Edge worker _launch_job corrupts import state on Python 3.12 — fork() in multi-threaded process inherits stale import locks #65942

@diogosilva30

Description

@diogosilva30

Under which category would you file this issue?

Providers

Apache Airflow version

3.0+ (tested with providers built from main branch)

What happened and how to reproduce it?

Issue Description

Edge worker tasks intermittently fail at startup with ModuleNotFoundError cascades — every plugin and DAG import fails even though the modules exist on disk. The forked child process inherits corrupted import lock / sys.modules state from the multi-threaded parent, producing broken Python import machinery.

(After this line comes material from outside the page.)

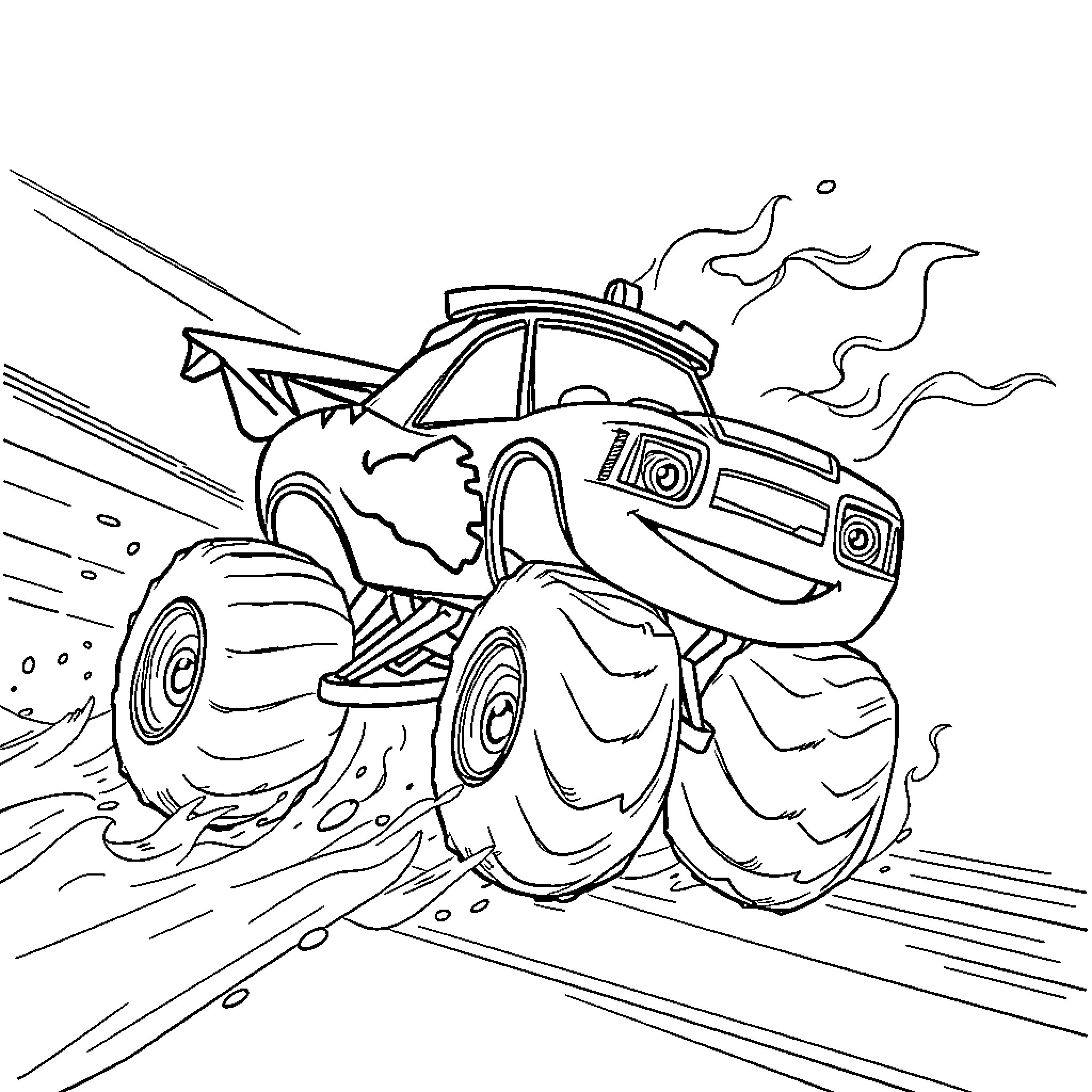 Blaze Speeding Across the Road Coloring Page (free black-and-white line drawing printable PDF for all, from beginners to advanced learners, including children, teens, adults, and seniors)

In more severe cases (higher thread contention at fork time), the child process can deadlock permanently — hanging with no error output until the scheduler zombie task threshold marks the task as failed. However, in our production environment the observed failure mode is exclusively the corrupted import state variant, not full deadlocks.

Root cause

The edge worker main process runs 22+ threads at runtime (asyncio event loop, ThreadPoolExecutor, httpx/httpcore connection pools, API server HTTP clients).

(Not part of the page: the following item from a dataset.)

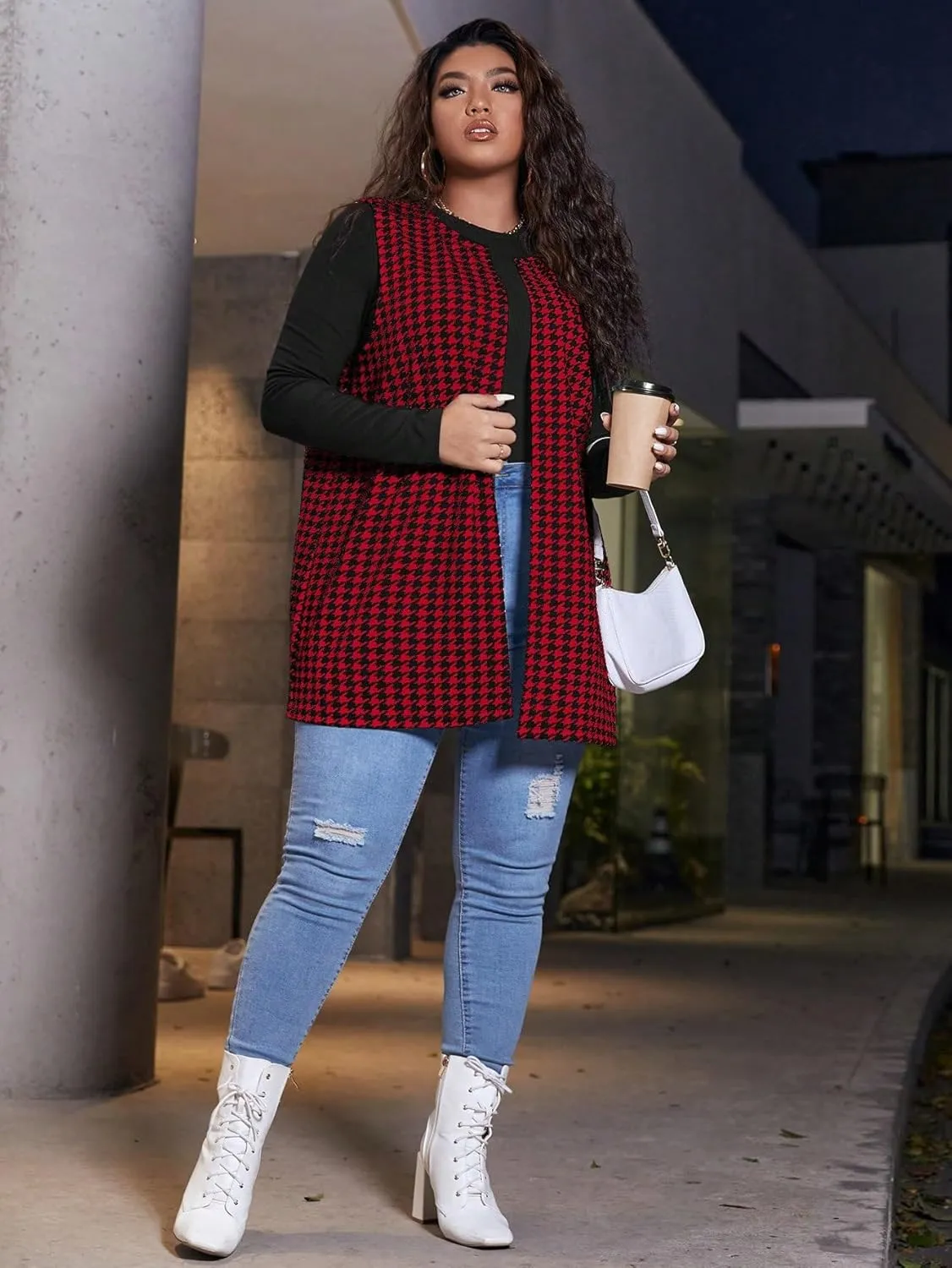 Milumia Women's Plus Size Houndstooth Vest Blazers Open Front Cardigan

EdgeWorker._launch_job() in providers/edge3/src/airflow/providers/edge3/cli/worker.py uses multiprocessing.Process with the default fork start method:

def _launch_job(self, workload: ExecuteTask) -> tuple[Process, Queue[Exception]]:
    results_queue: Queue[Exception] = Queue()
    process = Process(
        target=self._run_job_via_supervisor,
        kwargs={"workload": workload, "results_queue": results_queue},
    )
    process.start()   # ← os.fork() here, copies 22 threads' lock state
    return process, results_queue

os.fork() copies the entire address space — including import locks held by the other 21 threads. Since only the forking thread survives in the child, those locks are never released. Depending on timing, this causes:

  1. Corrupted import state (primary production failure): The child inherits a partially-consistent sys.modules / importlib._bootstrap._module_locks snapshot. Plugin and DAG imports fail with ModuleNotFoundError even though the modules exist. Tasks fail with exit_code=1 after exhausting reschedule attempts.
  2. Full deadlock (theoretical / synthetic): If a thread held an import lock at the exact moment of os.fork(), any subsequent import in the child that needs that lock blocks permanently. Reproducible synthetically with high thread contention but not observed in our production environment.

Python 3.12 emits a deprecation warning on every task launch:

DeprecationWarning: This process (pid=XXXXXX) is multi-threaded, use of fork() may lead to deadlocks in the child.

Production failure pattern (corrupted import state)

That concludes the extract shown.